Required work. Starting from the line with "L'industria meccanica rivista quindicinale", transcribe each line to the end of the records below. Copy them exactly and write nothing else.
+++++
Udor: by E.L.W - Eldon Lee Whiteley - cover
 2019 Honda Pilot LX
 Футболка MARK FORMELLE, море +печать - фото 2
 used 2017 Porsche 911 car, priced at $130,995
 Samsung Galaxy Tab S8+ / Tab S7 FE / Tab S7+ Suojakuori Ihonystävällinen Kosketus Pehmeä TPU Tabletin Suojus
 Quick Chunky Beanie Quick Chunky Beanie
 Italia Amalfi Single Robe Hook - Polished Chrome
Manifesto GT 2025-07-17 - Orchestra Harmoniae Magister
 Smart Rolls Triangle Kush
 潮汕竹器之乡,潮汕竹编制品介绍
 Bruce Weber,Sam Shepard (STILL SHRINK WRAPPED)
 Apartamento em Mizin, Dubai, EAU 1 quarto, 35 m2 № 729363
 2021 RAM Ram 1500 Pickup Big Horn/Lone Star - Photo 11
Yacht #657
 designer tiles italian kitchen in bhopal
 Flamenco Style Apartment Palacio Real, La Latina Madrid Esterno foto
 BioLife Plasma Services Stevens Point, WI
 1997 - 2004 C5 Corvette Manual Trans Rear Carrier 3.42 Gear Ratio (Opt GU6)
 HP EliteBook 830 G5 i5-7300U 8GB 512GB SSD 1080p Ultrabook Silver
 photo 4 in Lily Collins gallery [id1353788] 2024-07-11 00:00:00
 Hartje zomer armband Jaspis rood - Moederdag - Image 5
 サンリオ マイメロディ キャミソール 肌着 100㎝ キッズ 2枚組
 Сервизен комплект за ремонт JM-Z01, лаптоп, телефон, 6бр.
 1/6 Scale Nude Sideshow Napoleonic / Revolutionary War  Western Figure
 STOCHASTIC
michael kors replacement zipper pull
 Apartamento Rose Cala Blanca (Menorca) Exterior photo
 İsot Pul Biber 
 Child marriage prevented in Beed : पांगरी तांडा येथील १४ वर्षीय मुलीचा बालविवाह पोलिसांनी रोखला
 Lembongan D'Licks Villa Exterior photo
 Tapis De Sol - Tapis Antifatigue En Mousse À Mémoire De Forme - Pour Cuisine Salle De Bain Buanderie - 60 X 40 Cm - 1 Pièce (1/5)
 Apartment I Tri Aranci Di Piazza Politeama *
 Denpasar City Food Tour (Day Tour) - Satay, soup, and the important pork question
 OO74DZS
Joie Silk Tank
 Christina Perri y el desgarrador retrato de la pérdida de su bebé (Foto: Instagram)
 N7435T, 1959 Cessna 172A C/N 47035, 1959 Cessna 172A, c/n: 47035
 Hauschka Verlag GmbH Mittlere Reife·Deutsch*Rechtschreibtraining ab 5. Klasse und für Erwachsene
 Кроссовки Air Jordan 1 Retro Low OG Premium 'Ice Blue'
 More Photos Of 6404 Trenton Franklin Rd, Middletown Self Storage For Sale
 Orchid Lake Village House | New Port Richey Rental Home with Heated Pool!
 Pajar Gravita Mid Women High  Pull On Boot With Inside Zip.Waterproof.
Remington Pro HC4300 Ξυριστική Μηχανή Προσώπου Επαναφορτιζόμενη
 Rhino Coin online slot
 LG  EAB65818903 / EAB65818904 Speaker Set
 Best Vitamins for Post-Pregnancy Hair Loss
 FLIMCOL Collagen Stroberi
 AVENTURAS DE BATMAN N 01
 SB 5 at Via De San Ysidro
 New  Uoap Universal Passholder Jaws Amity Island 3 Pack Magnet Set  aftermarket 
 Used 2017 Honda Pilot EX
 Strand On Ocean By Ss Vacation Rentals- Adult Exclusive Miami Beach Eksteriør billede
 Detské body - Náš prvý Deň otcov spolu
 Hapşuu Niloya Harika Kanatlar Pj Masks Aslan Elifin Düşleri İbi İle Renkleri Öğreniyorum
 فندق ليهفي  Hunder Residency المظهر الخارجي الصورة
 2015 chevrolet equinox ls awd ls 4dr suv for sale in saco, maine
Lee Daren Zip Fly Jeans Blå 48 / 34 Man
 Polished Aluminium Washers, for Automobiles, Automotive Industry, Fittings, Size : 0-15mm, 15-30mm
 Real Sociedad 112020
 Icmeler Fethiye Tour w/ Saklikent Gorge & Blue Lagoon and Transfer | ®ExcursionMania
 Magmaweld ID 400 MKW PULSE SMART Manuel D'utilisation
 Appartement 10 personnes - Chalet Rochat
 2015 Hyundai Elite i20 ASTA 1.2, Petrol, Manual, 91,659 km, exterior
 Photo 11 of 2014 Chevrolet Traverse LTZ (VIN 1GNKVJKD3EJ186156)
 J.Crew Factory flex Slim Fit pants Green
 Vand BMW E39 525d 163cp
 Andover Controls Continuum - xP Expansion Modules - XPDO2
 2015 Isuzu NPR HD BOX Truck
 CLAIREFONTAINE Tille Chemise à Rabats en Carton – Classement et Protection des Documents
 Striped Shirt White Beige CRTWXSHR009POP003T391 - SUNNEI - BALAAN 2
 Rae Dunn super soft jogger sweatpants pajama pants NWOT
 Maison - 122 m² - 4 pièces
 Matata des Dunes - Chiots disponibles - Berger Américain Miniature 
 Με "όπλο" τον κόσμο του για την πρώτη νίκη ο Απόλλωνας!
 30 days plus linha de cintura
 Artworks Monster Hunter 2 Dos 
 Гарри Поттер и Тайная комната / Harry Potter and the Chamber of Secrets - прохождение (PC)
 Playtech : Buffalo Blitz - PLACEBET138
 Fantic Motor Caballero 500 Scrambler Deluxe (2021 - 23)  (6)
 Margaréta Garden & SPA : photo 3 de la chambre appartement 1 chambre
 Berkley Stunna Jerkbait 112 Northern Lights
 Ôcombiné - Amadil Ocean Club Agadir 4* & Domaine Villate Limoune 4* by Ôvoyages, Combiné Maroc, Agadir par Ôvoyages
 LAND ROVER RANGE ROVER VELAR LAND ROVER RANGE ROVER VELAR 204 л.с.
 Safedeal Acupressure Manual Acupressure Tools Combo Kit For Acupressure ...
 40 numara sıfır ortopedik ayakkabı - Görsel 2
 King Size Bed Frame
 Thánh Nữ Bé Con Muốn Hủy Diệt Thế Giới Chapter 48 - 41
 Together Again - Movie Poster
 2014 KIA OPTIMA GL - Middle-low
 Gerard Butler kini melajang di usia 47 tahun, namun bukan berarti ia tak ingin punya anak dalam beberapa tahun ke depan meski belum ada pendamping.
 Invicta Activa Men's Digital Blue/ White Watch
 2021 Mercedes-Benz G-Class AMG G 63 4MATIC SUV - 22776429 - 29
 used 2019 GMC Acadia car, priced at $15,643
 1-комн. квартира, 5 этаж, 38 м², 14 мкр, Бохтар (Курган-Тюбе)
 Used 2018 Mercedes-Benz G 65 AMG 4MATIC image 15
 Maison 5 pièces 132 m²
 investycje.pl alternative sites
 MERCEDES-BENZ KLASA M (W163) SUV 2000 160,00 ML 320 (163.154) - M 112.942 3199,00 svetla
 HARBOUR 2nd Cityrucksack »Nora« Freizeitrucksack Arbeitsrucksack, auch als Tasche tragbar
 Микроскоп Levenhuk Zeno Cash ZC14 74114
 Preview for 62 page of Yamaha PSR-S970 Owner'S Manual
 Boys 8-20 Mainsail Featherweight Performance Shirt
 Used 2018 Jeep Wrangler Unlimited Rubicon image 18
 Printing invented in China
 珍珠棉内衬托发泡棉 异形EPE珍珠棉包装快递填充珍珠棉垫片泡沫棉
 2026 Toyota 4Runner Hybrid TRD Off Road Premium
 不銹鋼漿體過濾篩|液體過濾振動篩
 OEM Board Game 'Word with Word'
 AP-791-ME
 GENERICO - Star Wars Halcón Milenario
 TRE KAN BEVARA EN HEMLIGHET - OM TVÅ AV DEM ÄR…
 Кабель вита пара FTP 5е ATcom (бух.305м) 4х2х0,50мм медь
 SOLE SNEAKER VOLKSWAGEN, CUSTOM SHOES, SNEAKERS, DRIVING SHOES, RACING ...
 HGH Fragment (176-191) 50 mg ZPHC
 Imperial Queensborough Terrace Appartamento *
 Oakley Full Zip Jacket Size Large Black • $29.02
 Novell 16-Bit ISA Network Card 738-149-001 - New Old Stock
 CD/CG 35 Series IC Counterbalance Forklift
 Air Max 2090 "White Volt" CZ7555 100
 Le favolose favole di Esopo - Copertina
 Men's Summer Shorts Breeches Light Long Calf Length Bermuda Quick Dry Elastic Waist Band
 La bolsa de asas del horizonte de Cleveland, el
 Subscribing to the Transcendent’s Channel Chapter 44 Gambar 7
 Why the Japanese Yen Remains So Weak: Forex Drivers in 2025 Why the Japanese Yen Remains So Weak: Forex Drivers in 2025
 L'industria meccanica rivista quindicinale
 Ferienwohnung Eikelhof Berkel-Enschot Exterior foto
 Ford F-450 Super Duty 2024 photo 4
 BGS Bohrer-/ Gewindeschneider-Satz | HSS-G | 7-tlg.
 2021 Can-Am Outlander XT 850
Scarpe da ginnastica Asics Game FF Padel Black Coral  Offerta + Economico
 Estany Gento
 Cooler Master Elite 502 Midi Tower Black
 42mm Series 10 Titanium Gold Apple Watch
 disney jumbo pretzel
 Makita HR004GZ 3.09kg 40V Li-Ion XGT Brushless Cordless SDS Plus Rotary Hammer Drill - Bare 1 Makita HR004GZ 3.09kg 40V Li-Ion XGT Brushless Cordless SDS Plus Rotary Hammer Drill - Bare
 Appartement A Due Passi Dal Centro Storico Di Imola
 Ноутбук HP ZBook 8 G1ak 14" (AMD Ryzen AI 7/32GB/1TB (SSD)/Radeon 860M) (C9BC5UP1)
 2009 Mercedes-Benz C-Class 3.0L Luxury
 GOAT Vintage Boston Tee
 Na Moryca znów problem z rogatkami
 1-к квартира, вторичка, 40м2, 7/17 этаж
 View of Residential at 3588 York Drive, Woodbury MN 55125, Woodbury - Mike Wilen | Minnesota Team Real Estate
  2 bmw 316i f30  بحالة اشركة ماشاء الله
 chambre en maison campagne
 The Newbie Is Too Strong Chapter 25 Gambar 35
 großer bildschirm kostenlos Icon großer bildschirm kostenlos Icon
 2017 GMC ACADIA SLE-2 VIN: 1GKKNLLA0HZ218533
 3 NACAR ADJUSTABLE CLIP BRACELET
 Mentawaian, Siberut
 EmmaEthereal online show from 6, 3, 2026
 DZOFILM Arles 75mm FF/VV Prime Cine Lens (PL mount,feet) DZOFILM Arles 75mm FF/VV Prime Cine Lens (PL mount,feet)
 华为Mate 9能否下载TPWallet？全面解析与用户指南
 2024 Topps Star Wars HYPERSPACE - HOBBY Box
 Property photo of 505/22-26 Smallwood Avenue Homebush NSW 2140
+++++
Answer to this task.
 L'industria meccanica rivista quindicinale
 Ferienwohnung Eikelhof Berkel-Enschot Exterior foto
 Ford F-450 Super Duty 2024 photo 4
 BGS Bohrer-/ Gewindeschneider-Satz | HSS-G | 7-tlg.
 2021 Can-Am Outlander XT 850
Scarpe da ginnastica Asics Game FF Padel Black Coral  Offerta + Economico
 Estany Gento
 Cooler Master Elite 502 Midi Tower Black
 42mm Series 10 Titanium Gold Apple Watch
 disney jumbo pretzel
 Makita HR004GZ 3.09kg 40V Li-Ion XGT Brushless Cordless SDS Plus Rotary Hammer Drill - Bare 1 Makita HR004GZ 3.09kg 40V Li-Ion XGT Brushless Cordless SDS Plus Rotary Hammer Drill - Bare
 Appartement A Due Passi Dal Centro Storico Di Imola
 Ноутбук HP ZBook 8 G1ak 14" (AMD Ryzen AI 7/32GB/1TB (SSD)/Radeon 860M) (C9BC5UP1)
 2009 Mercedes-Benz C-Class 3.0L Luxury
 GOAT Vintage Boston Tee
 Na Moryca znów problem z rogatkami
 1-к квартира, вторичка, 40м2, 7/17 этаж
 View of Residential at 3588 York Drive, Woodbury MN 55125, Woodbury - Mike Wilen | Minnesota Team Real Estate
  2 bmw 316i f30  بحالة اشركة ماشاء الله
 chambre en maison campagne
 The Newbie Is Too Strong Chapter 25 Gambar 35
 großer bildschirm kostenlos Icon großer bildschirm kostenlos Icon
 2017 GMC ACADIA SLE-2 VIN: 1GKKNLLA0HZ218533
 3 NACAR ADJUSTABLE CLIP BRACELET
 Mentawaian, Siberut
 EmmaEthereal online show from 6, 3, 2026
 DZOFILM Arles 75mm FF/VV Prime Cine Lens (PL mount,feet) DZOFILM Arles 75mm FF/VV Prime Cine Lens (PL mount,feet)
 华为Mate 9能否下载TPWallet？全面解析与用户指南
 2024 Topps Star Wars HYPERSPACE - HOBBY Box
 Property photo of 505/22-26 Smallwood Avenue Homebush NSW 2140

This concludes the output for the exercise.